Scraped caption text data -

»»

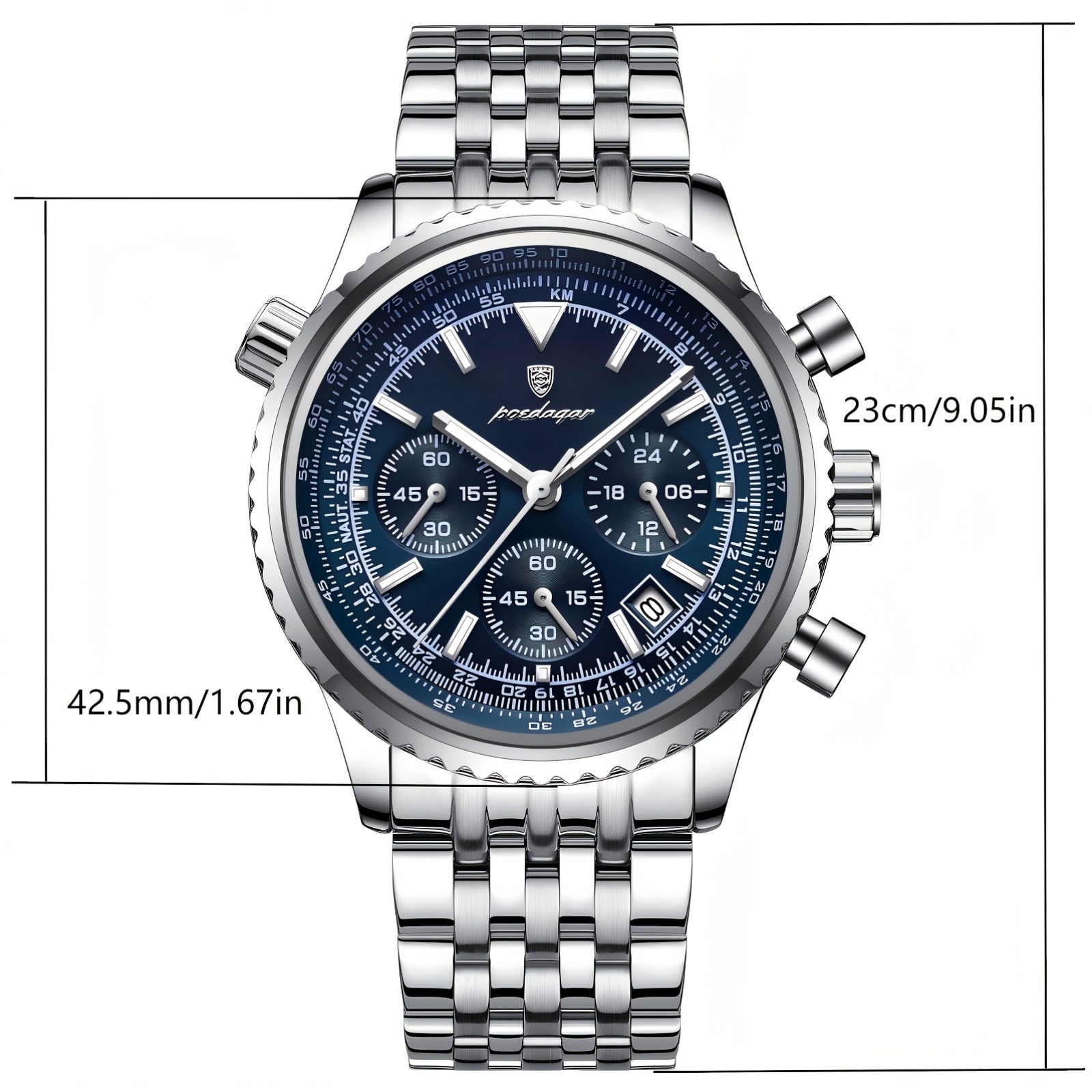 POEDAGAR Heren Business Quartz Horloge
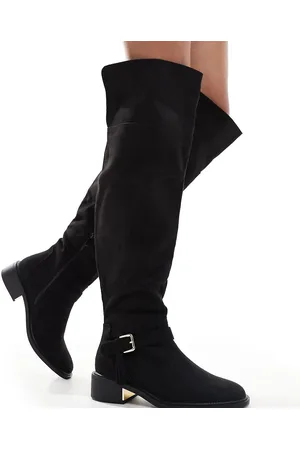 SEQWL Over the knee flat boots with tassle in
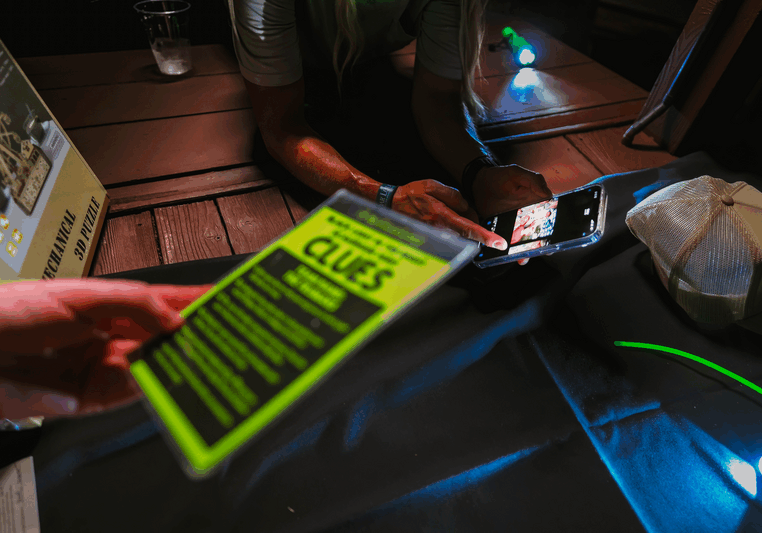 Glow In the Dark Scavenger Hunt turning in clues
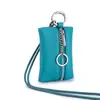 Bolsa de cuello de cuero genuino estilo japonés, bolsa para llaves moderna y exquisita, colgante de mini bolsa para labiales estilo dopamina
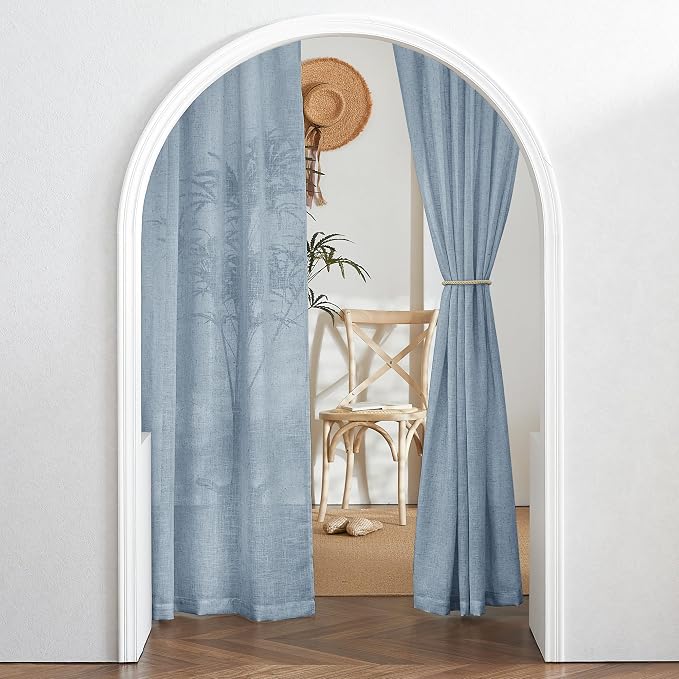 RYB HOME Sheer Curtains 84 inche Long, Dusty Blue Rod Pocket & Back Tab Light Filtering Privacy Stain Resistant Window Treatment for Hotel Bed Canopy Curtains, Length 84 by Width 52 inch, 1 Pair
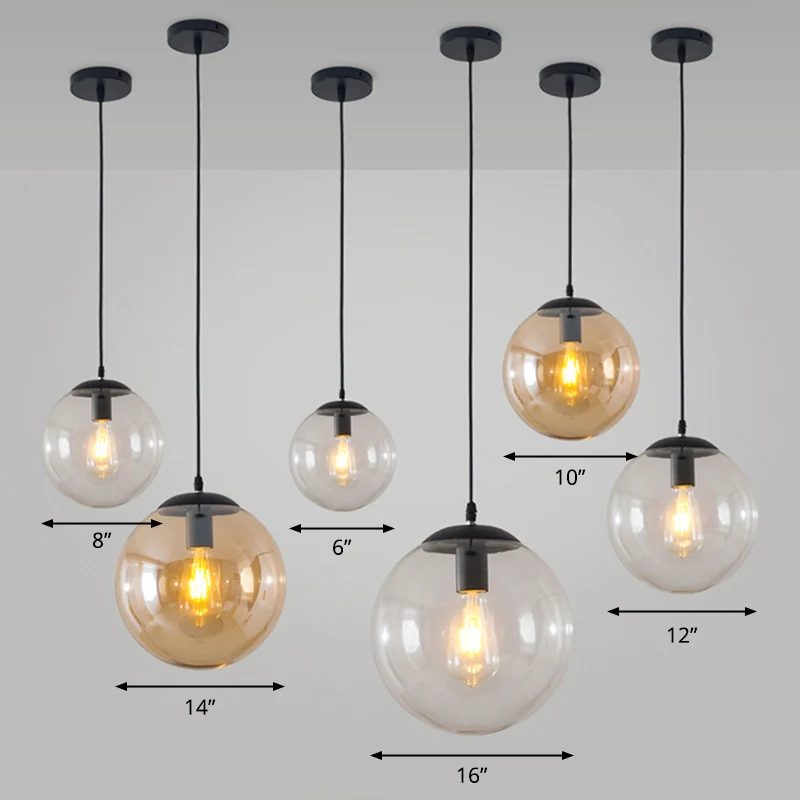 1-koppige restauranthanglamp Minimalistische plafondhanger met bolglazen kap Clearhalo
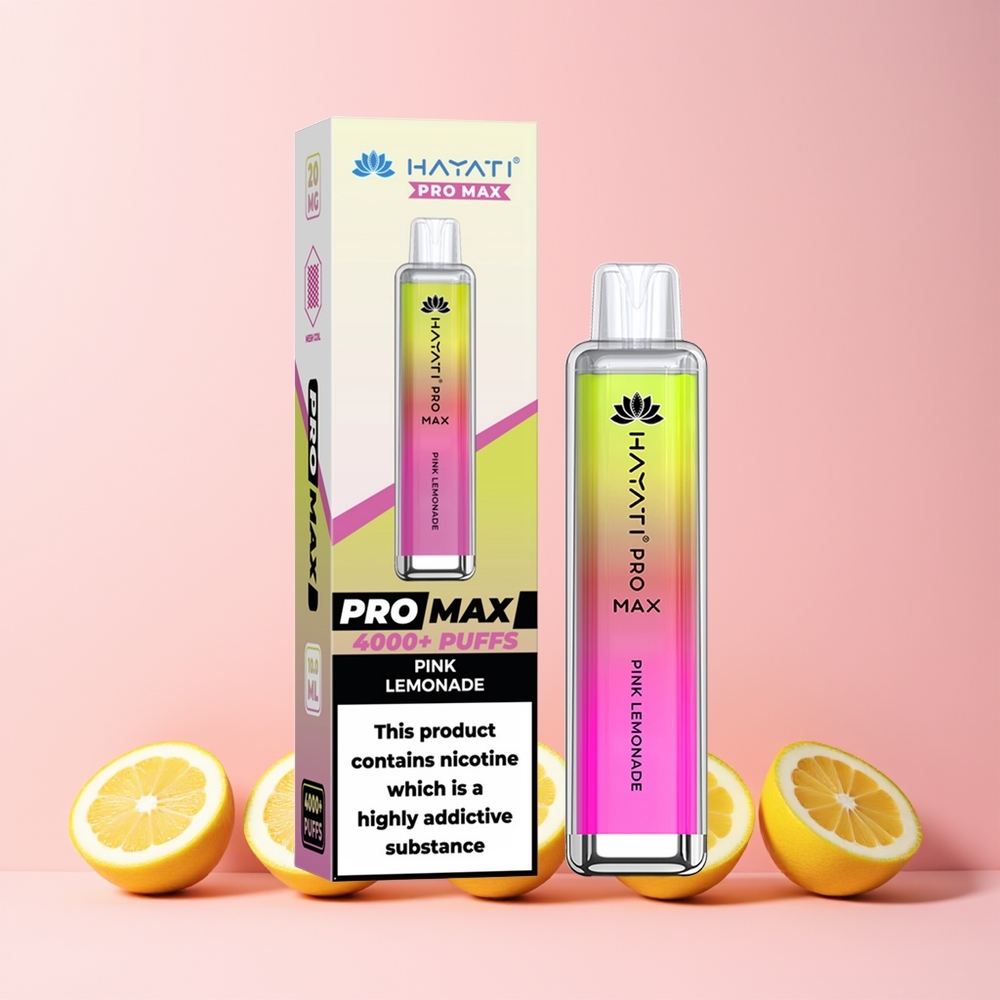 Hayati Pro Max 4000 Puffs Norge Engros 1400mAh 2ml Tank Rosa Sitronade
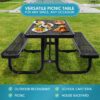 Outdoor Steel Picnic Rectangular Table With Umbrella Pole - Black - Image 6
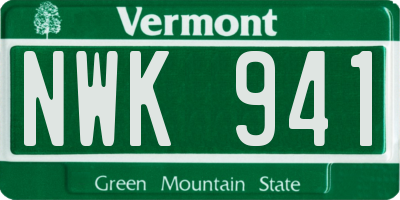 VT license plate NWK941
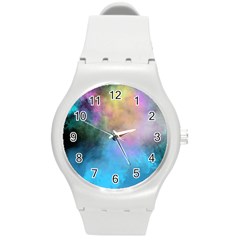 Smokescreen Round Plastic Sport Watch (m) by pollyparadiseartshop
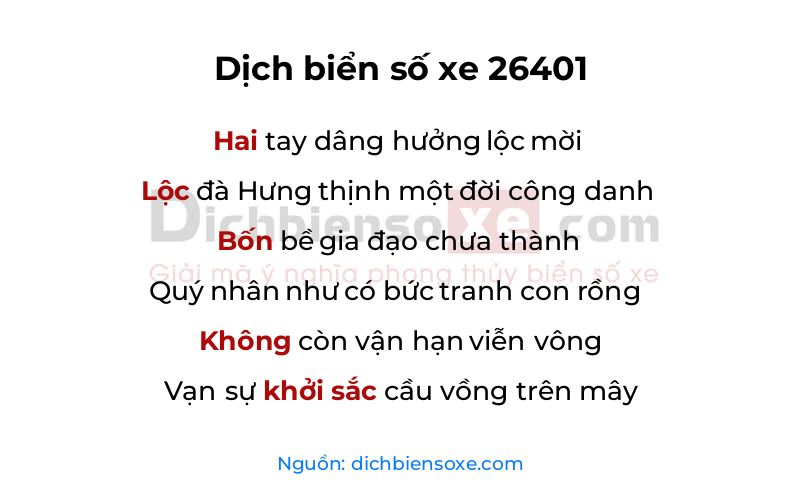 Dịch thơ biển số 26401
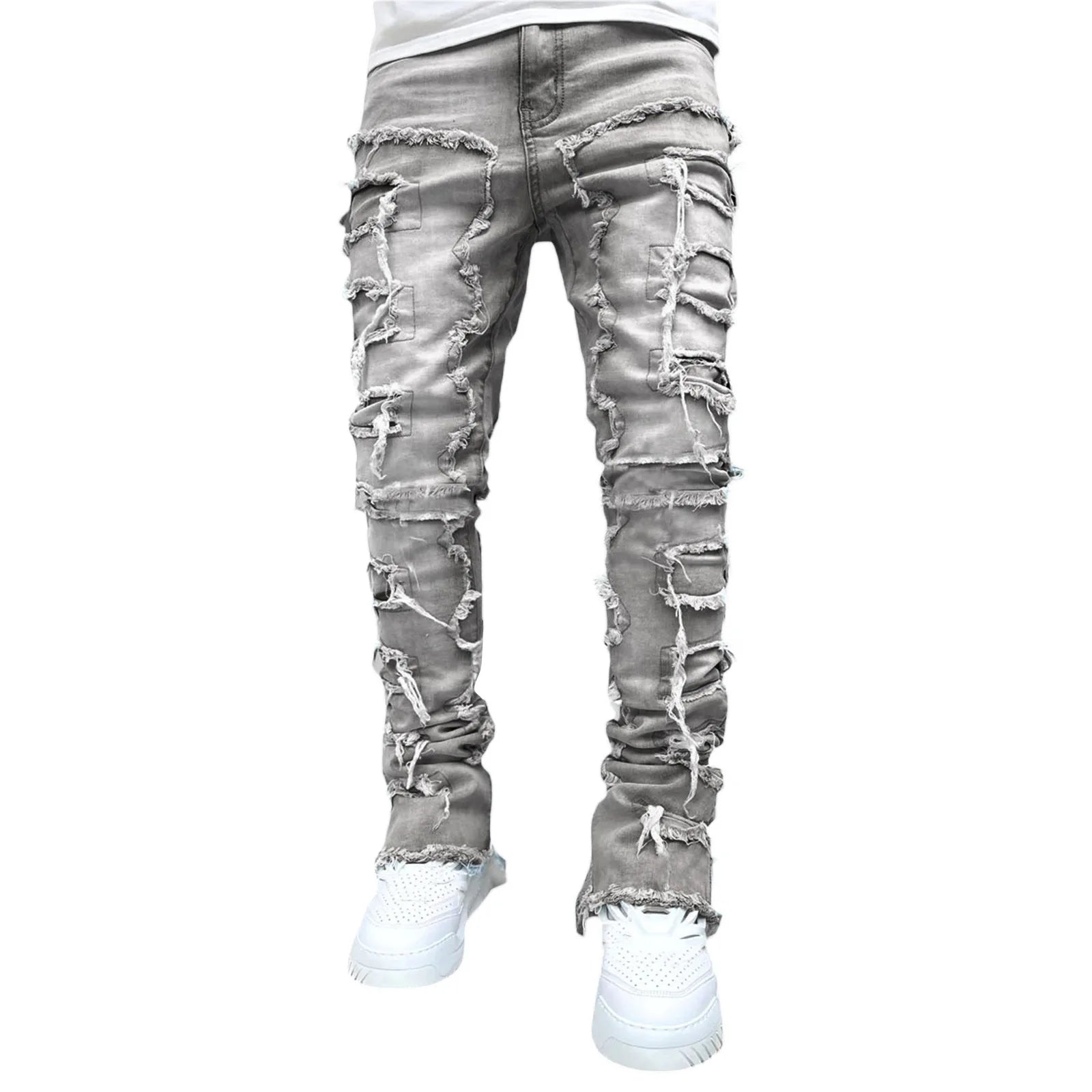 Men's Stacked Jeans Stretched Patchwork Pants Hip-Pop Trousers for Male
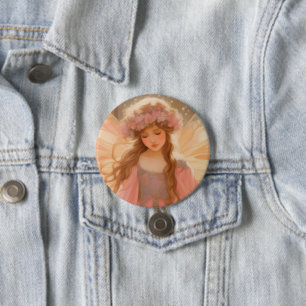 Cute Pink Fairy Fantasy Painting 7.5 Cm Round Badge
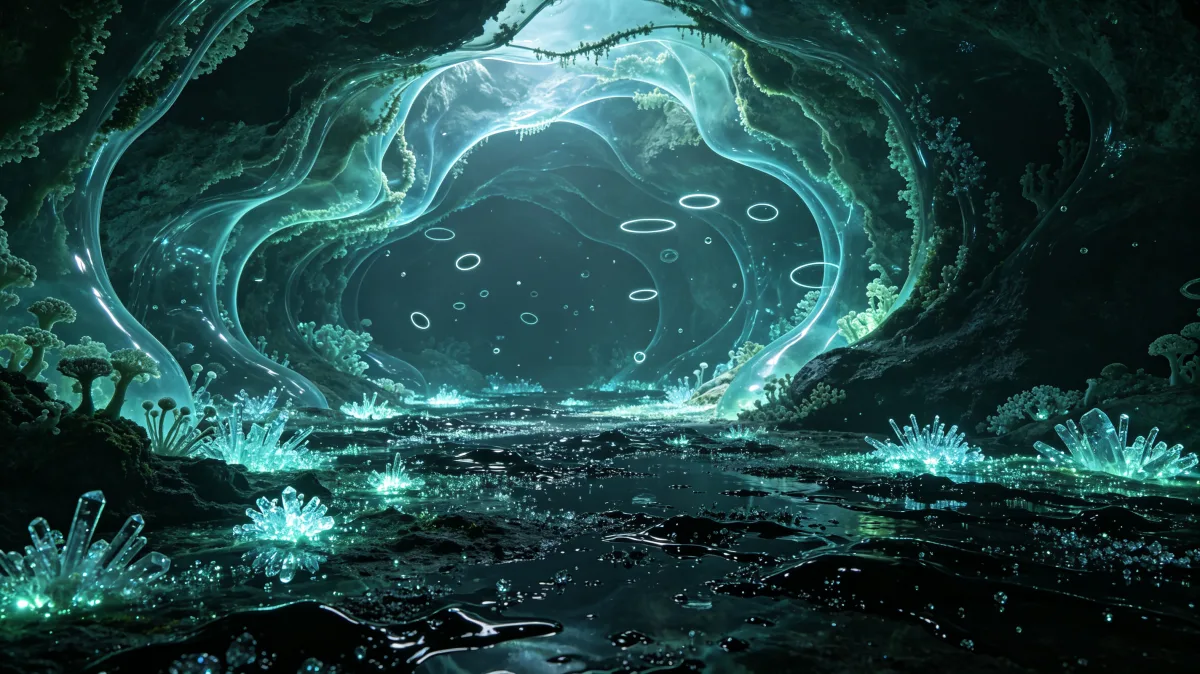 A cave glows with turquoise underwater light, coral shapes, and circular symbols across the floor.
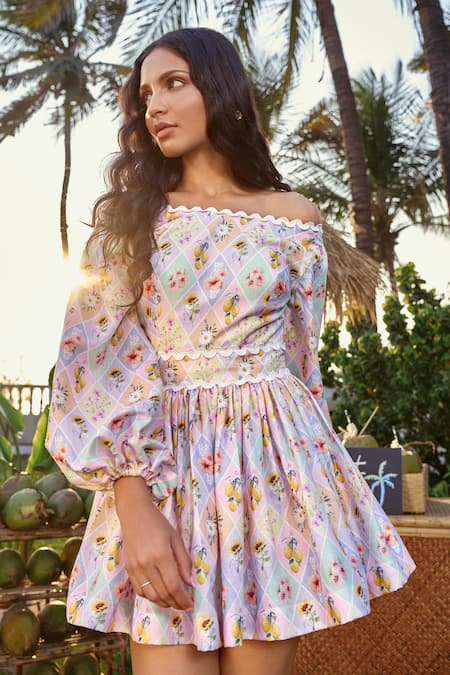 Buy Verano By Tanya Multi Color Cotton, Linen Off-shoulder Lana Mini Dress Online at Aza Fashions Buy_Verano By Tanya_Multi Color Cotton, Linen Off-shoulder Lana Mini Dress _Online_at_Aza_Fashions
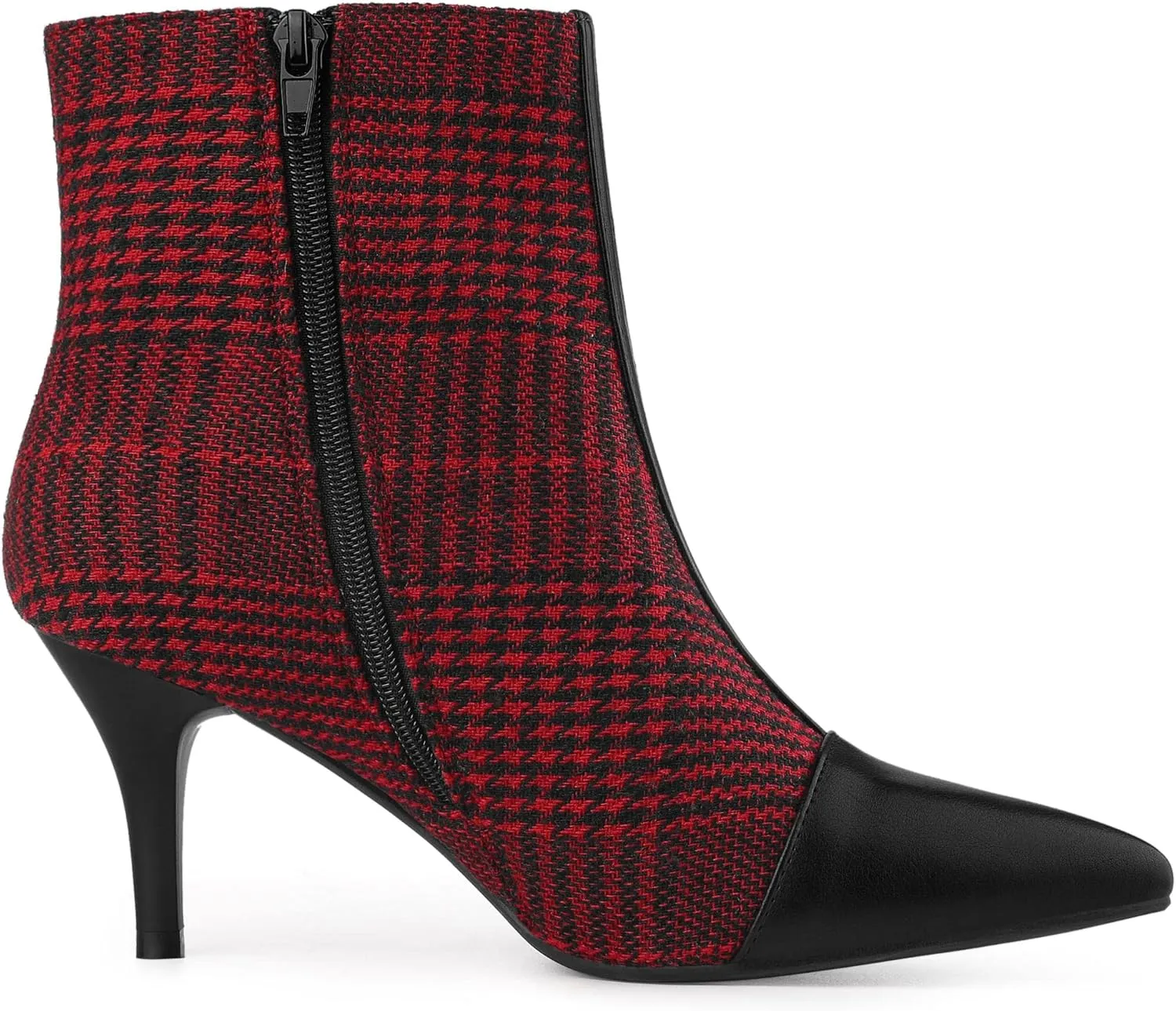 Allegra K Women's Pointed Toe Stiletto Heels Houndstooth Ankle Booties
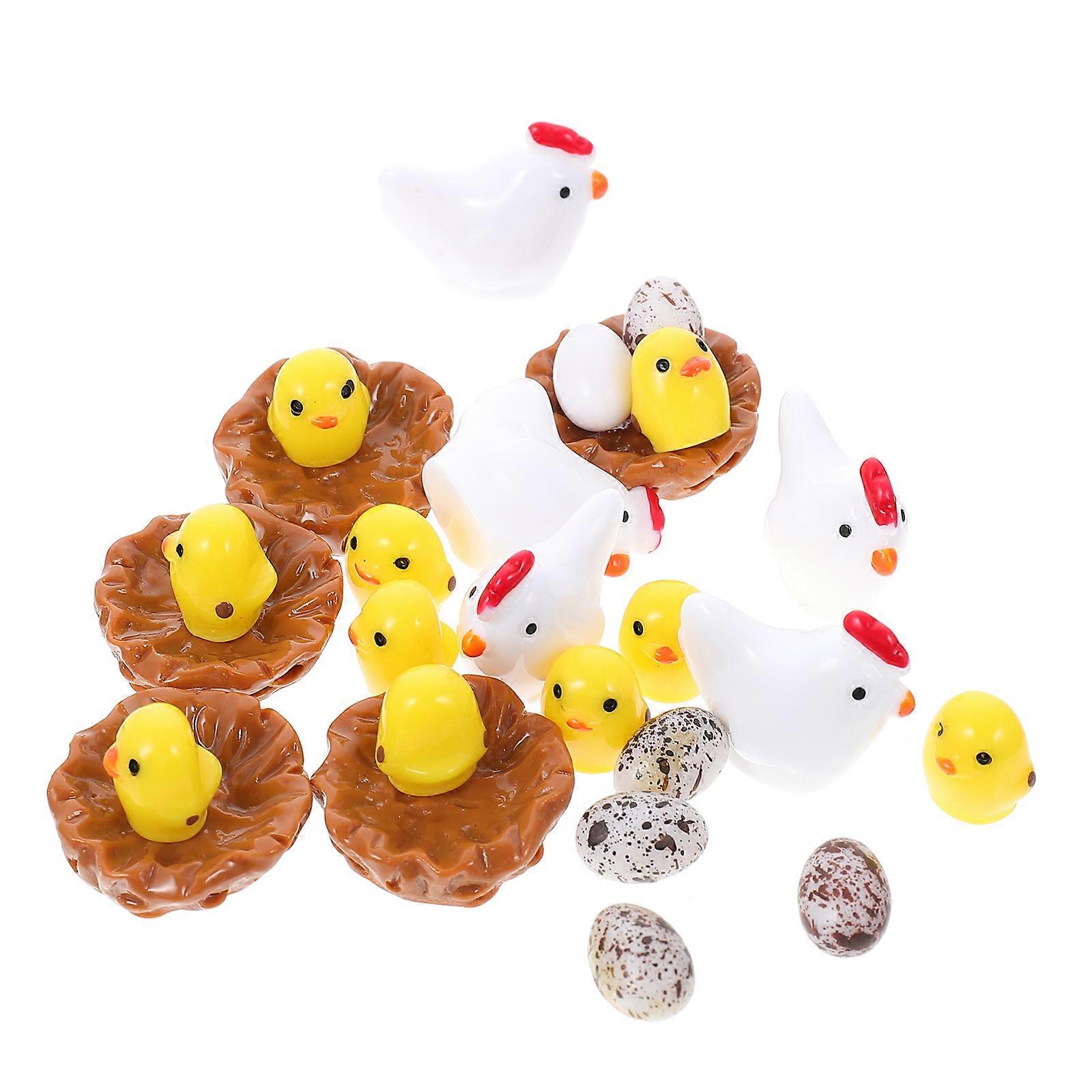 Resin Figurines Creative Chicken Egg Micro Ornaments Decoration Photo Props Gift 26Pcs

««

About this task - The data must be reproduced exactly, and no picture may appear in the copy.

Problem solution -
 POEDAGAR Heren Business Quartz Horloge
 SEQWL Over the knee flat boots with tassle in
 Glow In the Dark Scavenger Hunt turning in clues
 Bolsa de cuello de cuero genuino estilo japonés, bolsa para llaves moderna y exquisita, colgante de mini bolsa para labiales estilo dopamina
 RYB HOME Sheer Curtains 84 inche Long, Dusty Blue Rod Pocket & Back Tab Light Filtering Privacy Stain Resistant Window Treatment for Hotel Bed Canopy Curtains, Length 84 by Width 52 inch, 1 Pair
 1-koppige restauranthanglamp Minimalistische plafondhanger met bolglazen kap Clearhalo
 Hayati Pro Max 4000 Puffs Norge Engros 1400mAh 2ml Tank Rosa Sitronade
 Outdoor Steel Picnic Rectangular Table With Umbrella Pole - Black - Image 6
 VT license plate NWK941
 Smokescreen Round Plastic Sport Watch (m) by pollyparadiseartshop
 Dịch thơ biển số 26401
 Men's Stacked Jeans Stretched Patchwork Pants Hip-Pop Trousers for Male
 Cute Pink Fairy Fantasy Painting 7.5 Cm Round Badge
 A cave glows with turquoise underwater light, coral shapes, and circular symbols across the floor.
 Buy Verano By Tanya Multi Color Cotton, Linen Off-shoulder Lana Mini Dress Online at Aza Fashions Buy_Verano By Tanya_Multi Color Cotton, Linen Off-shoulder Lana Mini Dress _Online_at_Aza_Fashions
 Allegra K Women's Pointed Toe Stiletto Heels Houndstooth Ankle Booties
 Resin Figurines Creative Chicken Egg Micro Ornaments Decoration Photo Props Gift 26Pcs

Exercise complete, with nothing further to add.